(ST. JOSEPH, MO.) City council held a meeting Monday afternoon to hear from homeowners and businesses about problems they're facing in connection to the homeless population near downtown.
Homeless individuals were also asked to attend the public meeting to voice their opinions on what needs to be done to help fix the issues.
"We have a lot of people who are good and sincere people who are trying to better their lives," Mayor Bill McMurray said. "The problem, however, is not with those people, the problem is with the people that perhaps due to mental illness or to drug addiction or, who knows what problem, just do not wish to change."
The Council Chamber was full of property and business owners who all said they were worried most about the congregation of homeless individuals around the new Food Kitchen area at 8th and Messanie Streets.
During the meeting, several St. Joseph agencies spoke about their efforts to affect change in the area. Mosaic Life Care officials said they are planning to invest in a program that will target homelessness in St. Joe.
"It's really part of our mission to help those in need, plus it's population health," Pat Dillon, communication advocate for Mosaic, said. "You know, these folks that are down there very often have a lot of health issues, so if we can help them get through that we're just doing our jobs."
This comes after the hospital performed a Health Needs Assessment, which is required every three years. The program will tackle three initiatives: substance abuse in the community, mental health and access to health care for those in poverty.
"All of those seem to be related down in the area where the homeless population is, so we've decided to kind of put our efforts to that for the next couple of years and see if we can help stabilize that neighborhood," Dillon said.
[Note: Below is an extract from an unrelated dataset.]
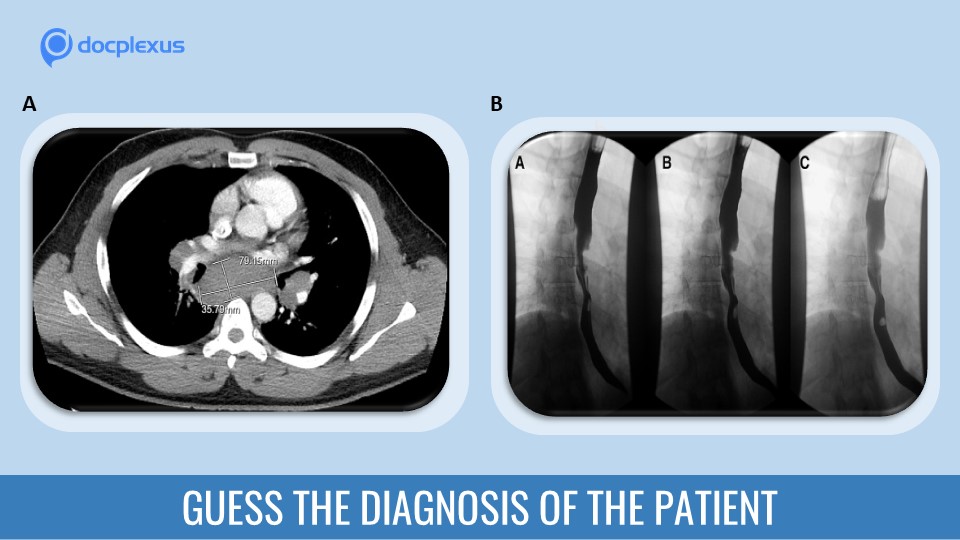 Diagnose This Patient’s Condition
Another aspect of the plan, according to Dillon, will be hiring officers to patrol the 8th and Messanie Streets area. He said Mosaic has spoken with St. Joseph Police about paying off-duty officers to secure the area at certain times of the day/night to help protect those living in the neighborhood.
"They will patrol the areas down there at certain times so that those who aren't supposed to be there that continue to be around and, let's say, do cause the trouble, maybe will help them move on," Dillon said.
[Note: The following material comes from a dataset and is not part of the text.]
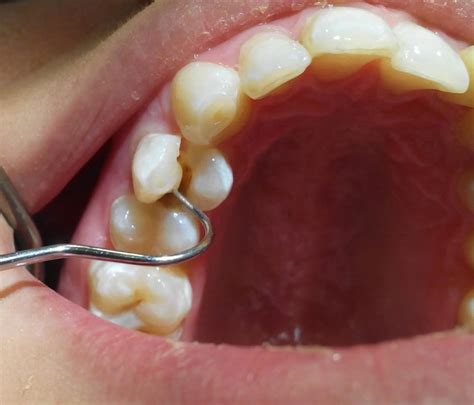 Que Hacer Ante Una Fractura Dental Médicos En Merida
Mosaic will be partnering with agencies like Community Action Partnership, Pivotal Point and The Crossing to help those in need to find resources to help better their lives.
"Essentially, the Health Department would administer the program and we'd have a whole collection of social service agencies who would meet at that building," McMurray said. "This is the goal. This is what we're searching for."
McMurray said the agencies will aim to help people get ID cards, benefits, job trainings, jobs and eventually a place to live.